MATERIAL PROVIDED:
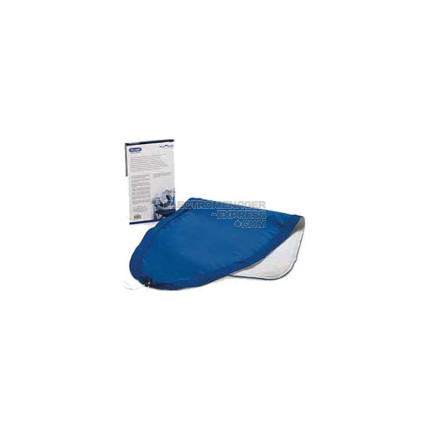 Housse avec molleton 140x48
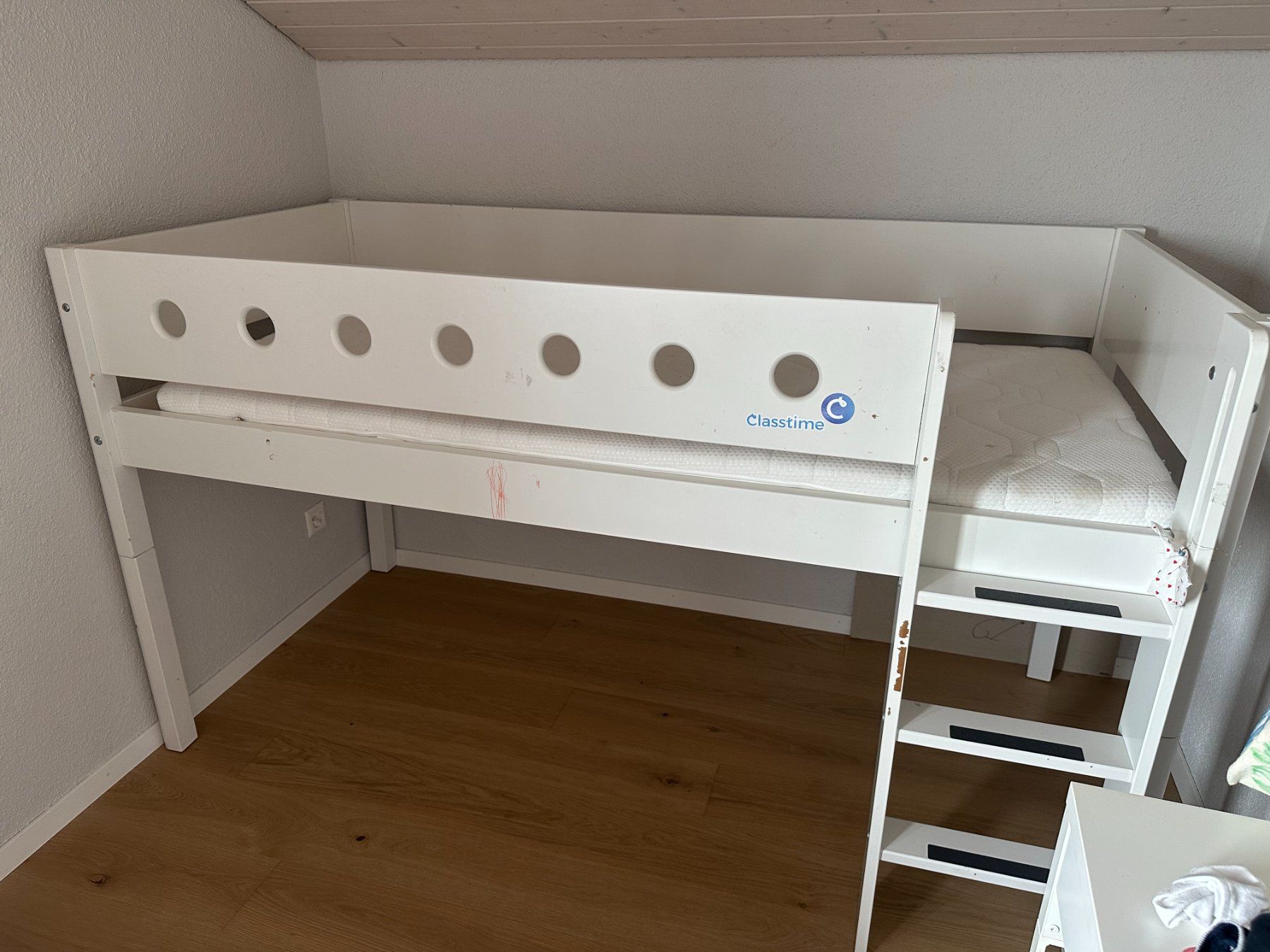 Flexa Letti: Flexabett (Hochbett) – Usato da Buchberg venduto da jaene 2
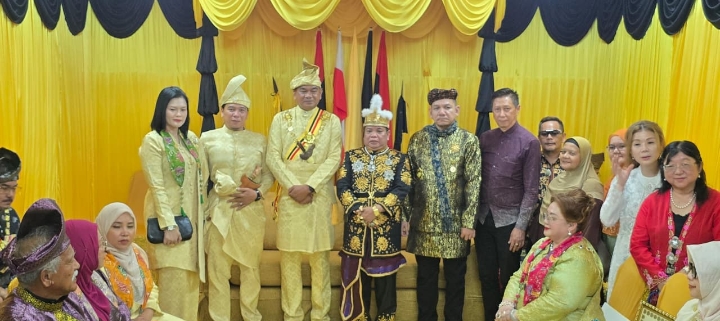 Indonesia’s MAI Conducts First Overseas Visit to Malaysia; Secretary-General Conferred Undang Naning Royal Title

EXERCISE OBJECTIVE: The output is the data above, repeated exactly, with pictures omitted.

EXERCISE RESULT:
 Housse avec molleton 140x48
 Flexa Letti: Flexabett (Hochbett) – Usato da Buchberg venduto da jaene 2
 Indonesia’s MAI Conducts First Overseas Visit to Malaysia; Secretary-General Conferred Undang Naning Royal Title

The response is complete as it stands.